◆ PROBLEM:
Each line from the one that includes "Uomo che indossa" to the last line of the data below should be set down exactly; no other lines are wanted.

◆ INPUT FOR THIS TASK:
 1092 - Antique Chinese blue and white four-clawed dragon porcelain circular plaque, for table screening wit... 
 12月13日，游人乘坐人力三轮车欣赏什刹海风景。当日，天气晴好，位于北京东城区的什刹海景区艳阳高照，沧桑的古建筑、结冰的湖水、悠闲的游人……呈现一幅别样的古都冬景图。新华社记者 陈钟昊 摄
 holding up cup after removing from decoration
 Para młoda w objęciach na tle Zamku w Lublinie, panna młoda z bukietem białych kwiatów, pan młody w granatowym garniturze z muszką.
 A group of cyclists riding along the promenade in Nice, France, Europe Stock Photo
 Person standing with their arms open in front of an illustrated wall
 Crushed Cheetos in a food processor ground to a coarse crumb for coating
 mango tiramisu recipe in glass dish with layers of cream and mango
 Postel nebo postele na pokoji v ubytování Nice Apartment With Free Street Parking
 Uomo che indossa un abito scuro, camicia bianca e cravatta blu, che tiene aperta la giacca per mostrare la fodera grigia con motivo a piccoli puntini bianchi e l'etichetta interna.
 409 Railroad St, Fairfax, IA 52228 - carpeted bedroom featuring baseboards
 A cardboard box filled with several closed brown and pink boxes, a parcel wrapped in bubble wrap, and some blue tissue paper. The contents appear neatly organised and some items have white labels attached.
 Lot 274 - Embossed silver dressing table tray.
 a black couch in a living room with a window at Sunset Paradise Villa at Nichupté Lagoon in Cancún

◆ COMPLETED TASK:
 Uomo che indossa un abito scuro, camicia bianca e cravatta blu, che tiene aperta la giacca per mostrare la fodera grigia con motivo a piccoli puntini bianchi e l'etichetta interna.
 409 Railroad St, Fairfax, IA 52228 - carpeted bedroom featuring baseboards
 A cardboard box filled with several closed brown and pink boxes, a parcel wrapped in bubble wrap, and some blue tissue paper. The contents appear neatly organised and some items have white labels attached.
 Lot 274 - Embossed silver dressing table tray.
 a black couch in a living room with a window at Sunset Paradise Villa at Nichupté Lagoon in Cancún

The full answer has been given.